One of the more prescient speakers at the event was Robert Moses, commissioner of parks of the City of New York. The Palisades, as even Moses recognized, were a critical element in the successful realization of the whole endeavor. Moses stated:
There is one thing about this city that the Mayor [Fiorello La Guardia] did not mention here today, but which he did refer to recently when we opened the upper level of the Henry Hudson Bridge, and that is the protection of the background, the back-drop… on the New Jersey side. And that brings me to a reference to the Trustees of the Metropolitan, who in past years have done so much to preserve the Palisades, beginning with Mr. Morgan and others. If we had not that private interest at that time, I am sure that the other side of the Hudson would today be surmounted by apartment houses and buildings of all kinds; the shore front would have been ruined; we should have an ugly, obtrusive skyline; and we would not have the uninterrupted and unspoiled view and the protection that we have now. To climax this program, Mr. Rockefeller began at the George Washington Bridge and acquired all of the strategic pieces of property along the top of the Palisades to the line between New York and New Jersey, so that for all time that area will be protected. The Parkway and the buildings will be set back far enough, so that we will always have the view that we have today. (Addresses on the Occasion of the Opening of The Cloisters in Fort Tryon Park/em>, 21)

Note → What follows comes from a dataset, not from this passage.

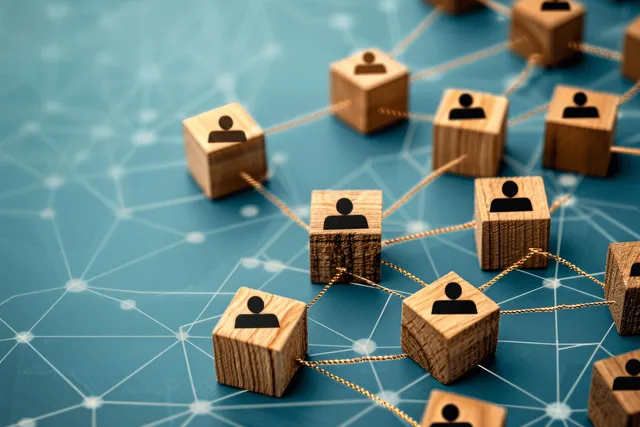 Top view of wooden cubes with people icons linked by thin lines on a blue network grid background.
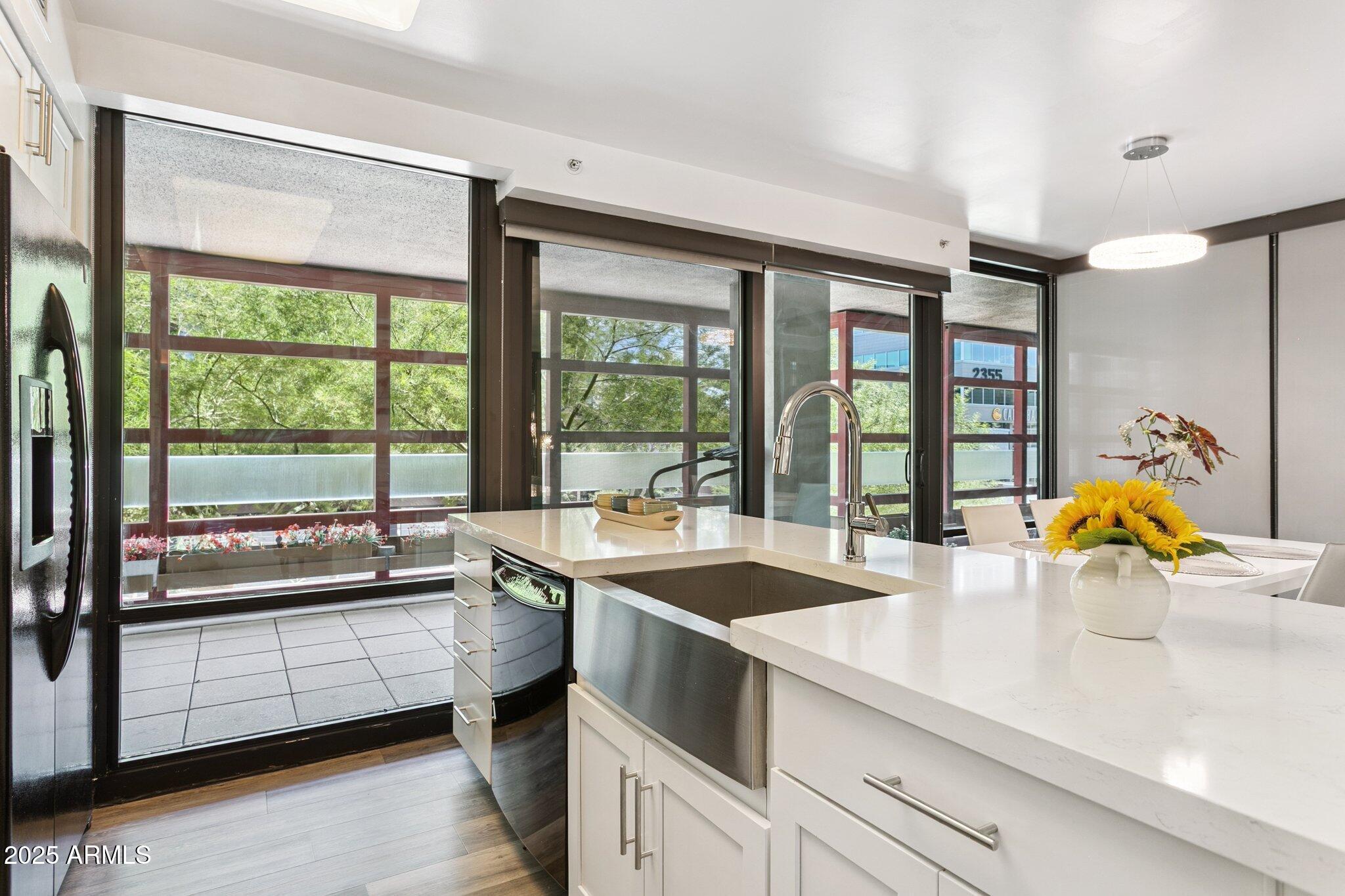 4808 North 24th Street, Unit 208 Phoenix, AZ 85016 - Photo 7 of 31 a view of a kitchen with a large window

To understand the context of this statement, it is necessary to look back to the origins of the efforts to protect the Palisades from development and to secure the rugged beauty of the views across the river. These date back to the first decade of the twentieth century. In 1900, the governors of New York and New Jersey formed the Interstate Park Commission to protect the Palisades from aggressive quarrying driven by the incessant demand for building material in a rapidly expanding city. J. P. Morgan, the banker and philanthropist, routinely passed beneath the towering bluffs of the Palisades on his trips up the Hudson to Cragston, his estate near Highland Falls. Traveling by water, Morgan was no doubt keenly aware of the natural beauty of the remarkable geology of this area, and also a witness to the quarrying that threatened to denude the landscape. When approached about protecting the cliffs from further quarrying, J. P. Morgan agreed to fund the purchase of twelve miles of shoreline and the vertical rise from the river to the heights. Together with the Interstate Park Commission, this purchase was the first significant step in securing and protecting the Palisades for future generations.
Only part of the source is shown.